Comment les sacrements agissent comme des contrats
Deux sacrements différents
Le mot « sacrement » vient du mot latin sacramentum. Il était utilisé de deux façons à l’époque. Premièrement, il décrivait le serment prêté par les soldats de l’armée romaine. C’était un engagement d’allégeance sacré. Deuxièmement, en droit civil romain, lorsque vous attaquiez quelqu’un en justice, les deux parties plaçaient le montant contesté dans un fonds commun. À la conclusion du dossier, la partie gagnante remportait le tout. Mais jusqu’à ce moment, le montant bloqué était sacramentum ou, comme on l’entend parfois aujourd’hui : « sacro-saint ». En ce sens, sacramentum faisait référence à de l’eau, du pain et du vin qui étaient destinés, non pas à leur usage ordinaire, mais à la représentation de la promesse de Dieu envers nous dans l’Évangile, et à notre réponse à ce qu’ils symbolisent.
Le sens du terme sacramentum a été brouillé, car il était aussi utilisé pour traduire le mot grec pour «mystère» (mystērion). Ce dernier est utilisé dans le Nouveau Testament pour faire référence à la révélation de Christ dans l’Évangile (Col 1.27 ; 2.2 ; 1 Ti 3.16) et à la relation entre Christ et l’Église. Mystērion n’est toutefois jamais utilisé en référence aux sacrements dans le Nouveau Testament. Le problème était que l’association au mot « mystère » insinuait que les sacrements étaient mêlés aux pratiques religieuses des « religions à mystères » romaines, qui étaient censées conférer des pouvoirs magiques à leurs adeptes. Ainsi, dans la théologie médiévale, les sacrements étaient communément perçus comme des éléments disposant d’un pouvoir spirituel intrinsèque.

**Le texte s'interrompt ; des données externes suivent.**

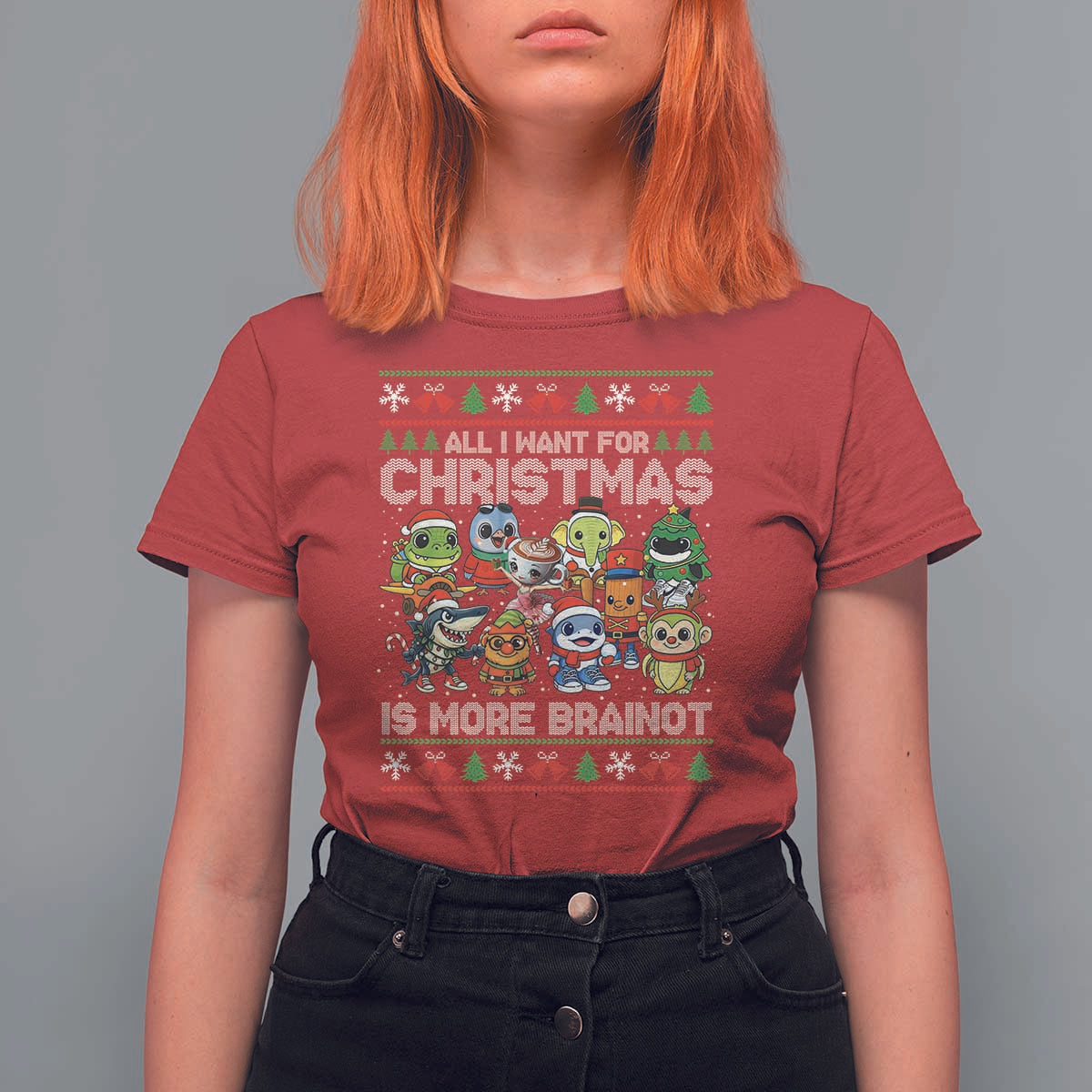 Italian Brainrot Christmas Meme T Shirt For Women All I Want For Xmas Is More Brainot - Wonder Print Shop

Afin d’éviter ces associations erronées, certaines Églises ont préféré le terme ordonnances pour décrire le baptême et la sainte cène, puisque ces pratiques sont « ordonnées » par Christ. Le problème avec ce terme, c’est qu’il ne distingue pas le baptême et la sainte cène des autres pratiques ordonnées par Christ (comme la prédication et la prière). Le baptême et la sainte cène ont des rôles distincts en tant qu’expressions d’adhésion et d’appartenance à l’Église. En outre, leur aspect physique les rend uniques et nous oblige à les considérer d’une manière différente.
Ce vocabulaire d’engagement, de sceau, de signe et de témoignage reflète le langage utilisé dans les confessions de foi des Églises de la Réforme. La Confession de La Rochelle ou Confessio Gallicana, une déclaration rédigée par Calvin et adoptée par les Églises réformées de France en 1559, affirme que les sacrements servent « de gages et de preuves de la grâce de Dieu, de sorte qu’à cause de notre faiblesse et de notre ignorance, ils concourent à soulager et à aider notre foi » (§34). Elle décrit le baptême comme un « témoignage de notre adoption » et « une attestation permanente que Jésus-Christ sera toujours notre justice et notre sanctification » (§35).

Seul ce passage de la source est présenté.